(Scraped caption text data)
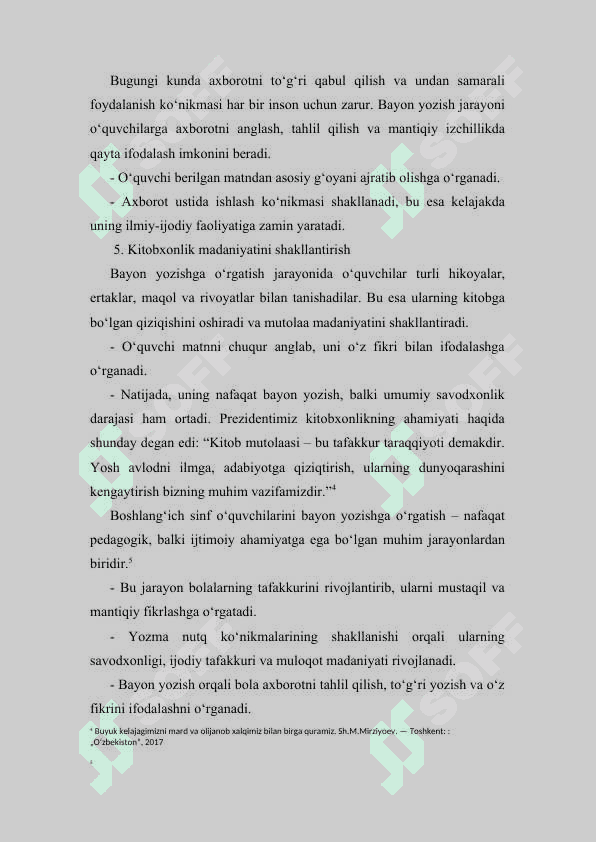 BOSHLANG‘ICH SINF O‘QUVCHILARINI BAYON YOZISHGA O‘RGATISH 4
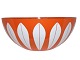 Cathrineholm 
Norge, stor 
Lotus skål med 
orange og hvid 
emalje.
Den er fra ...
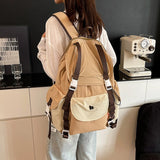 KYLETHOMASW  -  Women's Soft Big Cloth Backpacks New in Fashion Summer Backpack Girls School Book Bag Cute Travel Back Pack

### The problem
From the first line to the last, print the records exactly; leave out the pictures.

### Solution to this task
 BOSHLANG‘ICH SINF O‘QUVCHILARINI BAYON YOZISHGA O‘RGATISH 4
 Cathrineholm 
Norge, stor 
Lotus skål med 
orange og hvid 
emalje.
Den er fra ...
 KYLETHOMASW  -  Women's Soft Big Cloth Backpacks New in Fashion Summer Backpack Girls School Book Bag Cute Travel Back Pack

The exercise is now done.